Celui qui est parfois présenté comme un « grand intellectuel de droite » (sic) s’est illustré dans ses approximations pour ne pas dire ses erreurs historiques, sa mauvaise foi et ses contresens. Le candidat de la France insoumise a quant à lui adopté une hauteur de vue, rimant avec l’ouverture sur l’autre. Samuel Huntington ou Jacques Bainville d’un côté ; Pic de la Mirandole, Christine de Pisan ou Édouard Glissant de l’autre. 

Arrêtons nous un instant sur une référence d’Éric Zemmour : le monarchiste nationaliste Jacques Bainville. C’est Charles Maurras qui le fit rentrer à la Gazette de France puis à l’Action française, dont il était le responsable de la rubrique politique.

Des références étonnantes pour celui qui avait défini la République de la manière qui suit : ​​« vous n’êtes plus pour le progrès mais pour le progressisme, qui est une idéologie individualiste imposant ses règles à l’Etat et à la société. C’est le contraire de la République. La République c’est le bien commun ». 

Qu’est-ce que le « bien commun » pour celui qui veut expulser du territoire français 5 millions de personnes ? 

Qu’est-ce que le « bien commun » pour celui qui déplore l'égalité des conditions entre femmes et hommes ?

Qu’est-ce que le « bien commun » pour celui qui trouve ses références chez des monarchistes antisémites qui exècrent la République ?

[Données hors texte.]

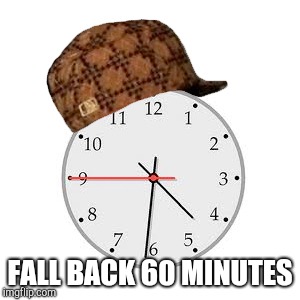 Scumbag Daylight Savings Time Meme | FALL BACK 60 MINUTES | image tagged in memes,scumbag daylight savings time | made w/ Imgflip meme maker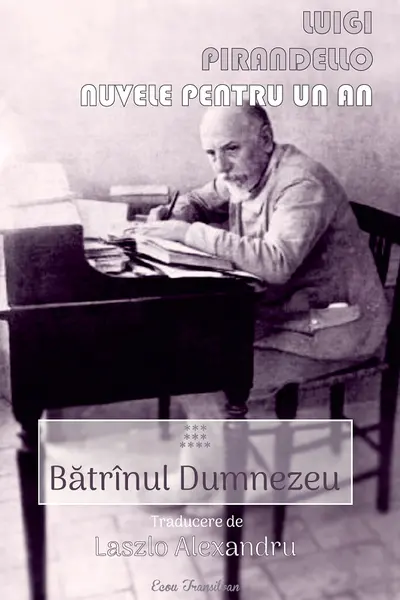 Nuvele pentru un an. Vol.10: Bătrânul Dumnezeu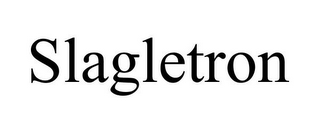 SLAGLETRON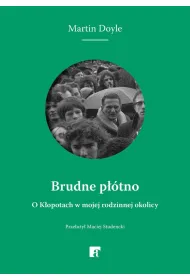 Brudne p��tno. O K�opotach w mojej rodzinnej okolicy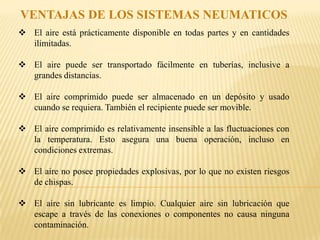 VENTAJAS DE LOS SISTEMAS NEUMATICOS
 El aire está prácticamente disponible en todas partes y en cantidades
  ilimitadas.

 El aire puede ser transportado fácilmente en tuberías, inclusive a
  grandes distancias.

 El aire comprimido puede ser almacenado en un depósito y usado
  cuando se requiera. También el recipiente puede ser movible.

 El aire comprimido es relativamente insensible a las fluctuaciones con
  la temperatura. Esto asegura una buena operación, incluso en
  condiciones extremas.

 El aire no posee propiedades explosivas, por lo que no existen riesgos
  de chispas.

 El aire sin lubricante es limpio. Cualquier aire sin lubricación que
  escape a través de las conexiones o componentes no causa ninguna
  contaminación.
 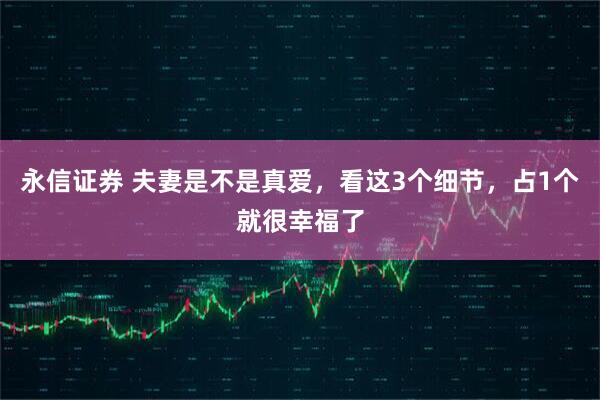 永信证券 夫妻是不是真爱，看这3个细节，占1个就很幸福了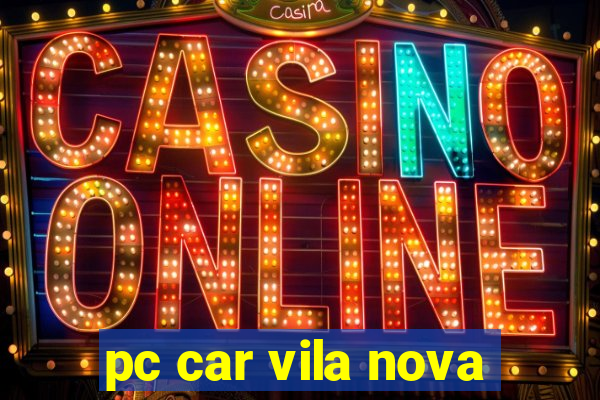 pc car vila nova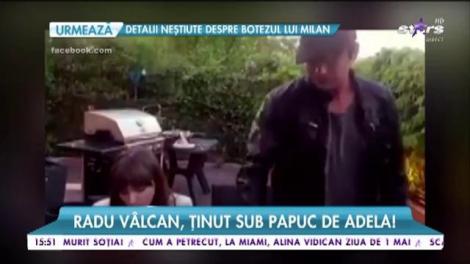 Radu Vâlcan, ținut sub papuc de Adela! Cum a ajuns faimosul prezentator în această situație!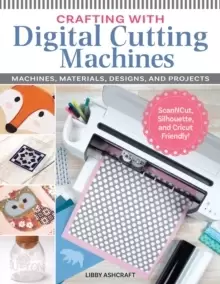 Image of Crafting with Digital Cutting Machines : Machines, Materials, Designs, and Projects
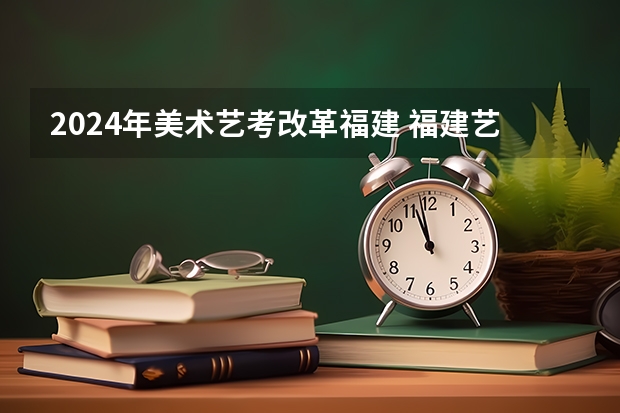 2024年美术艺考改革福建 福建艺术专业统考考试说明 2024年起实行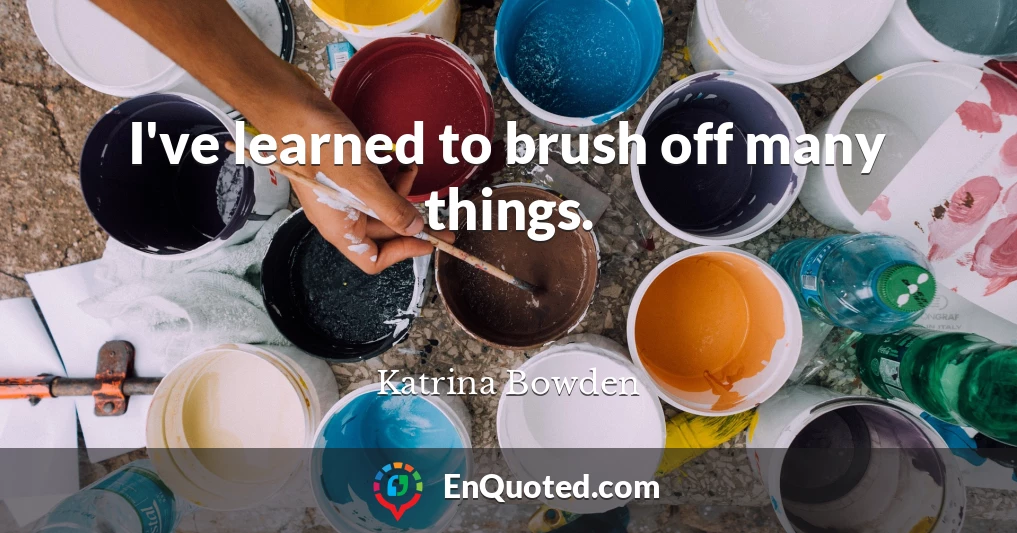I've learned to brush off many things.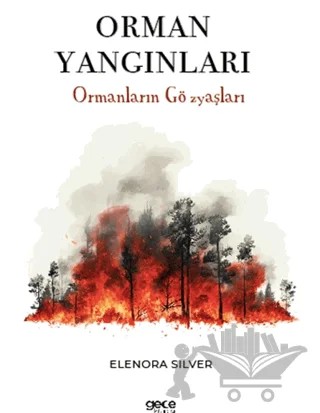 Orman Yangınları – Elenora Silver – Gece Kitaplığı kitap kapağı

Comment penser le commun quand toute la vision politique développée repose sur l’exclusion, la dévalorisation, l’humiliation ? 

C’est ce qui s’est joué lors du débat opposant Éric Zemmour à Jean-Luc Mélenchon sur BFMTV. Quelle vision de la République ? Le résultat est sans appel : le candidat de la France insoumise a donné une leçon de République au chroniqueur devenu caricature de lui-même au fil des assauts philosophiques et politiques de l’adversaire.

Dans sa profession de foi pour les élections législatives de 1906, voici ce que Jaurès écrivait : « J’ai servi fidèlement le socialisme et la République, qui sont inséparables : car, sans la République, le socialisme est impuissant et, sans le socialisme, la République est vide ». 24 ans plus tôt, Ernest Renan décrivait ainsi la Nation : « Elle suppose un passé ; elle se résume pourtant dans le présent par un fait tangible : le consentement, le désir clairement exprimé de continuer la vie commune. L'existence d'une nation est (pardonnez-moi cette métaphore) un plébiscite de tous les jours, comme l'existence de l'individu est une affirmation perpétuelle de vie ».

Voilà dans son discours ce que lie Jean-Luc Mélenchon : la France, la Nation, la République. La République comme moyen de l’émancipation de l’individu, la France comme l’espace de réalisation de cette promesse et la Nation comme manifestation du désir de vie commune. Cette vision politique rassemble, là où celle d’Eric Zemmour relègue (la femme, l’immigré…). Elle trace un horizon fédérateur et populaire, là où le sombre chroniqueur n’est que le ferment d’une guerre civile.